New local hotels will have up to 900 beds and there will be a serious upgrade of local infrastructure. The Liinakhamari seaport will be able to host major cruise vessels and the nearby Korznovo airport that was closed and abandoned in the 1990s will be reopened, the developers say.

Construction start is set to 2021 and the whole complex is to be ready “before 2030”, news agency Interfax reports. Up to 14 billion rubles (€157 million) is to be invested in the project and 500 new jobs created.

Military ground

Talks with the Ministry of Defense about the take-over of the Korsunovo air fields, as well as land on the coast of the Pechenga Bay, are already in process, according to representatives of NorNickel.

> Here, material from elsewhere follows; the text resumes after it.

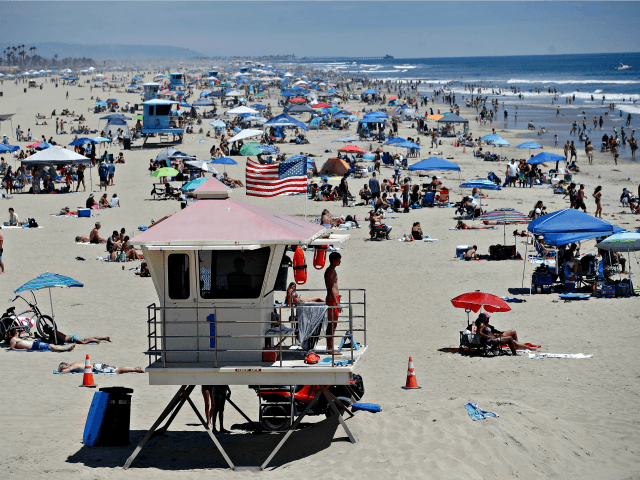 In this June 27, 2020, file photo, a lifeguard keeps watch over a packed beach in Huntington Beach, Calif. The Los Angeles County Department of Public Health is ordering L.A. County beaches closed from July 3 through July 6 at 5:00 a.m. to prevent dangerous crowding that results in the …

This week, the site for the projected complex was visited by Zarina Doguzova, leader of Russian state tourism agency Rosturizm.

“Liinakhamari is a potential growth point for tourism, after all Murmansk Oblast is located only a two-hour flight from Moscow. And then you are in the real Arctic, on the edge of the world by the Barents Sea! Here is an unbelievable beauty of nature, northern lights, culture and traditions of indigenous peoples, local gastronomy,” Doguzova said after her meetings with regional Governor Andrey Chibis.

New industry

The tourism project has been included in a favorable tax regime recently established in the Murmansk region. It comes as mining and metallurgy company Nornickel is about to close its smelter in Nikel. The plant that over decades have seriously polluted the vulnerable local nature is to be closed before the end of 2020 and several hundred people could end up without jobs.

The Liinakhamari project is presented by NorNickel as a way to replace the economic activity lost with the closure of the Nikel plant.

Strategic waters

In the Soviet period, Liinakhamari housed a Northern Fleet naval base. In the post-Soviet period, the small village and adjacent Pechenga Bay has been used for salmon farming and minor tourism initiatives.

Before 1944, Liinakhamari and the surrounding Pechenga area belonged to Finland. It was annexed by the Soviet Union after the Second World War.

These are Arctic waters of major military strategic importance. The Pechenga Bay does not freeze in winter.

The bay was actively used by occupying Nazi forces during the 2WW. Following the end of the war, a major Soviet war memorial was built on site.

That memorial however was deliberately demolished by unknown persons on the 14th September, only few days ahead of the visit to site by Governor Chibis and Rosturizm leader Doguzova.